According to a Thursday court filing, the SEC is prosecuting defunct crypto lender Celsius Network and the company’s former CEO Alex Mashinsky for four counts of fraud and one count of securities violations.
Alex Mashinsky, the former CEO of the bankrupt crypto lender Celsius, was reportedly arrested on the morning of July 13. The news broke shortly after the United States Securities and Exchange Commission filed a lawsuit against the crypto lender on the same day.
From the boardroom to the courtroom – Alex Mashinsky is reportedly arrested
Bloomberg reported that the former CEO was arrested following an investigation into the company’s collapse, citing sources with knowledge of the situation. According to reports, Alex Mashinsky was charged with fraud and market manipulation. The arrest of Mashinsky and the lawsuit against Celsius come only months after the SEC filed cases against Binance and Coinbase.
On July 14, 2012, Celsius Network filed for bankruptcy protection. Alex Mashinsky was recently found culpable by Commodity Futures Trading Commission investigators, who determined that the former CEO violated numerous U.S. regulations prior to the company’s collapse in 2022.

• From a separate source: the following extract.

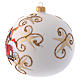 White opaque Christmas tree ball with Father Christmas and deer 150 mm s2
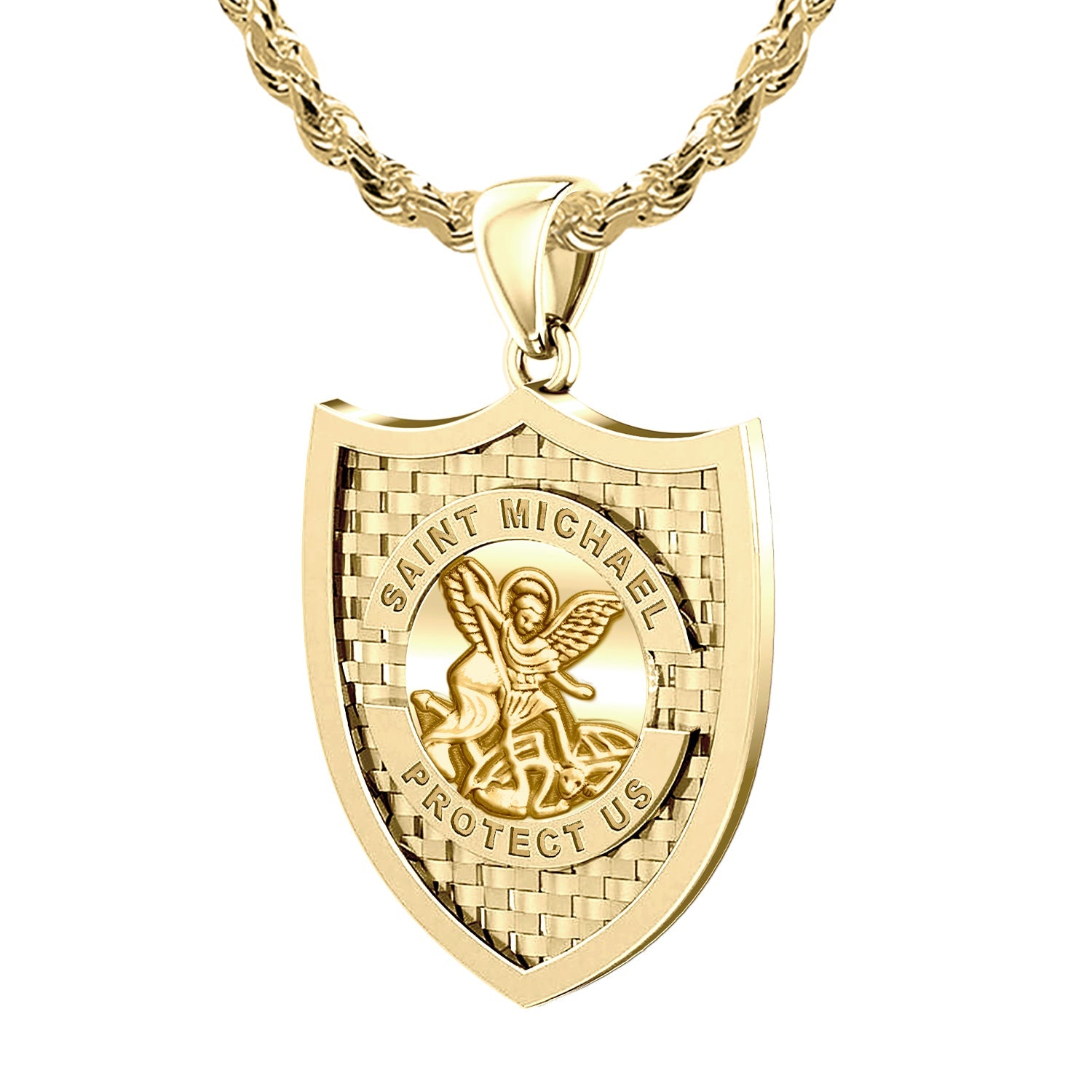 Saint Michael Pendant In Yellow Gold - 1.75mm Rope Chain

The investigation against the former CEO began on 5 January after the New York Attorney General filed a lawsuit against Mashinsky. The New York Attorney General alleged that the former chief executive officer misled investors and caused billions of dollars in losses.
The problems for Celsius and its former CEO began in June of last year when the crypto lending platform abruptly suspended withdrawals. Five U.S. states securities regulators launched an investigation into Celsius on June 16, 2022, and the platform filed for bankruptcy a month later.
A CFTC investigation revealed that Celsius and its former CEO violated several banking laws while their customer base was suffering from the larger crypto winter that saw the implosion of the Terra-Luna ecosystem followed by the collapse of the crypto hedge fund Three Arrow Capital and FTX joined in later on.
Celsius Network sued by SEC, CFTC, and FTC
The DOJ charges were backed by an upsurge of lawsuits filed against Alex Mashinsky and Celsius by the Securities and Exchange Commission (SEC), Commodity Futures Trading Commission (CFTC), and Federal Trade Commission (FTC).
The move comes after the Commodity Futures Trading Commission (CFTC) apparently determined that Celsius and Mashinsky violated various US regulations before the company’s downfall last year.
Bloomberg also reported on 6 July that attorneys from the CFTC’s enforcement section determined that Celsius misled investors and failed to register with the regulator, while Mashinsky violated various U.S. regulations.
The action and arrest happened on the same day that Celsius announced that it had launched voluntary Chapter 11 procedures. According to the company, Celsius has $167 million in cash on hand, Celsius claims that the monies will be used to assist “certain operations during the restructuring process.”
This is the right decision for our community and company […] We have a strong and experienced team in place to lead Celsius through this process. I am confident that when we look back at the history of Celsius, we will see this as a defining moment, where acting with resolve and confidence served the community and strengthened the future of the company.
Alex Mashinsky.
In a separate lawsuit, the CFTC alleged that the company and Mashinsky engaged in a “scheme to defraud hundreds of thousands of customers by misrepresenting the safety and profitability of its digital asset-based finance platform.” Despite deteriorating market conditions, the company “promoted the safety and viability of Celsius and failed to disclose these losses to customers,” according to the filing.